The last week has seen some coverage in the popular prints of the anniversary of the paper read to the Linnean society in which Mr. Wallace and I outlined our theory:
"My Dear Sir, The accompanying papers, which we have the honour of communicating to the Linnean Society, and which all relate to the same subject, viz. the Laws which affect the Production of Varieties, Races, and Species, contain the results of the investigations of two indefatigable naturalists, Mr. Charles Darwin and Mr. Alfred Wallace.
These gentlemen having, independently and unknown to one another, conceived the very same very ingenious theory to account for the appearance and perpetuation of varieties and of specific forms on our planet, may both fairly claim the merit of being original thinkers in this important line of inquiry; but neither of them having published his views, though Mr. Darwin has for many years past been repeatedly urged by us to do so, and both authors having now unreservedly placed their papers in our hands, we think it would best promote the interests of science that a selection from them should be laid before the Linnean Society."_
It was kind of Messers Lyell, Hooker and Bennett to describe Wallace and I as ‘indefatigable’ because in those years I was much prone to ill-health and while preparing the manuscript for the Origin I was sometimes barely capable of working for half an hour, such was my debility. But this – I beg your pardon – was not intended to be about me, but about Wallace, whom history has tended to forget.
For an appreciation of his work, I can do no more than refer you to a post Happy birthday natural selection! by Wallace’s Rottweiler, George Beccaloni the Curator of Orthoptera at the Natural History Museum in London.
I see a canine arms race developing here. I had a Bulldog in Mr Huxley, Mr Wallace’s familiar in the modern world is a Rottweiler.
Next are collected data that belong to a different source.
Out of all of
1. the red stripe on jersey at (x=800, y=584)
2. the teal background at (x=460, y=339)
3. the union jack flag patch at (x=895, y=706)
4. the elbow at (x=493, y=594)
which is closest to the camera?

In this vein, my late Captain Robert Fitzroy also deserves more appreciation than history allows him. Without his leadership and seamanship we may have died on several occasions and I recently spent a day in the magnificent British Library re-reading his account of the Voyage of the Beagle. His attempts to reconcile his observations with the Genesis acount of creation and the Noah’s deluge are almost painful to read, because he was a great observer of the natural world and without his instruction I might not have become such a comprehensive diarist and keen observer.
Perhaps Captain Fitzroy needs a canine familiar to savage the world into a better understanding of his many achievements, too. A Newfoundland) perhaps, to honour his love of the sea.
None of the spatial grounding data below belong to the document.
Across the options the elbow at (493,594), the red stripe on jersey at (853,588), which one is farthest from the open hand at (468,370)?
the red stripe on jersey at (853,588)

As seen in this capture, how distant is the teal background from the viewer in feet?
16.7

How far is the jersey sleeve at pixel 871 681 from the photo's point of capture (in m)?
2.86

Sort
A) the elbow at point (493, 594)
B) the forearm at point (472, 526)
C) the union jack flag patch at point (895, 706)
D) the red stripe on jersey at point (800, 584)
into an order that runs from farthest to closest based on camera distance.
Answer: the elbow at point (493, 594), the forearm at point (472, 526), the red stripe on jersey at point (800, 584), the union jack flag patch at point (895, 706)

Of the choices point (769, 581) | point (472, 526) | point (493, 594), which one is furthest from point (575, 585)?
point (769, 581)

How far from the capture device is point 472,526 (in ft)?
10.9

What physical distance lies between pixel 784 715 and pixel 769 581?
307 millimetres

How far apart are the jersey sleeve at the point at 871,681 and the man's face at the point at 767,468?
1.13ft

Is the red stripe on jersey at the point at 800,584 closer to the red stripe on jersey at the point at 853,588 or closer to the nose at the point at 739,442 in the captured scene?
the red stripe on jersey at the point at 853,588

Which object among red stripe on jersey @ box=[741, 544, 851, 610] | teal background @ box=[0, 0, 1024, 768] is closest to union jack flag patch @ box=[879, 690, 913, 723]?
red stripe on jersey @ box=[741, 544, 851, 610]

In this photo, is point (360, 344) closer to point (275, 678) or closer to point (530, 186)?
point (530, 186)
As we’re giving out dogs, I wonder who will get the poodle?
Um, perhaps it’s best you don’t answer that.
I think the Rt Hon Tony Blair for refusing to condemn and outlaw the teaching of creationism in British schools, when asked in Prime Ministers by Jenny Tonge MP. For that, he deserves the Poodle.
…Prime Minister’s Questions…
Jenny Tonge, for her part, doesn’t deserve a dog at all.
False in unum does not mean false in omnibus. Were that the case, we should all be deprived of our canine familiars.
False in unum does not mean false in omnibus.
Wise words indeed in an era of generalization.